The World Health Organization (WHO) has warned that half of the population in Europe will have been infected with the omicron variant of the coronavirus in the next six to eight weeks.
Dr. Hans Kluge claimed that a “Tsunami” by omicron whip the region from “west to east”. This is in addition to the increase in the delta variant seen since late 2021.
The projection was based on the seven million new cases that were reported in Europe during the first week of 2022.
The specialist cited the prediction of the Institute for Health Metrics and Evaluation (IHME), based in the city of Seattle, USA, according to which “more than 50% of the region’s population will be infected with omicron in the next six or eight weeks. “
He said European and Central Asian countries remain under “intense pressure” as the virus spreads from Western countries to the Balkans.
“The response of each country must be informed by its epidemiological situation, available resources, vaccination status and socioeconomic context,” he added.
Recent studies suggest that omicron is less likely to cause complications than previous variants of the coronavirus. But the omicron variant is highly contagious and can infect people even if they are fully vaccinated.
“Update” existing vaccines
The record number of people becoming infected is putting healthcare systems under severe pressure.
Due to this exponential increase in the number of infections, a WHO technical body assured this Tuesday that the current vaccines against covid-19 may need to be updated.
“The composition of current vaccines against covid-19 may require updates to ensure that they continue to generate the levels of protection recommended by the WHO against infections and diseases,” the WHO said in a statement.

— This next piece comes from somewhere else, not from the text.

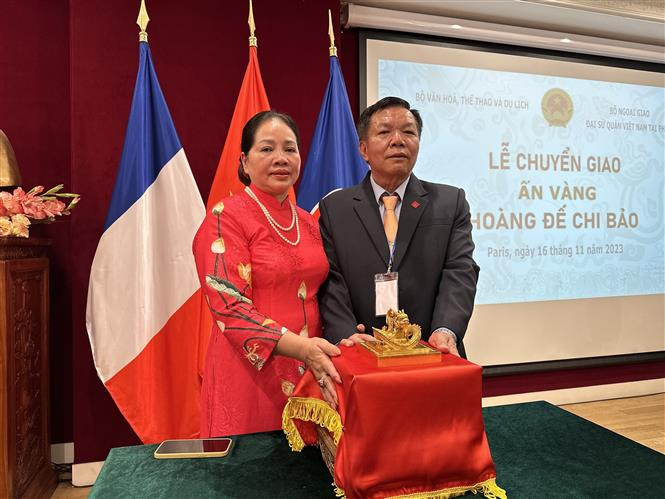 Theo cuốn Khâm định Đại Nam hội điển sự lệ, ấn vàng "Hoàng đế chi bảo" được dùng cho các hoạt động công quyền, chính sự của triều Nguyễn như lễ khánh tiết, ban ân, xá tội, đi tuần thú các địa phương, sắc thư ban cho nước ngoài... Đại diện Cục Di sản Văn hóa khẳng định Hoàng đế chi bảo là ấn vàng lớn, đẹp, quý và quan trọng nhất của vương triều Nguyễn. Ảnh: TTXVN.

The organization added that in order to achieve these levels of protection, vaccines should generate “immune responses that are broad, strong, and long-lasting in order to reduce the need for additional successive doses ”.
The WHO also agreed with what other epidemiological experts have said, as professor Andrew Pollard (who helped develop the Oxford-AstraZeneca covid vaccine), on the lack of sustainability of having to continue vaccinating the world’s population with additional doses against the virus.
“A vaccination strategy based on repeated additional doses of the original composition of the vaccine is surely neither appropriate nor sustainable,” said the international body.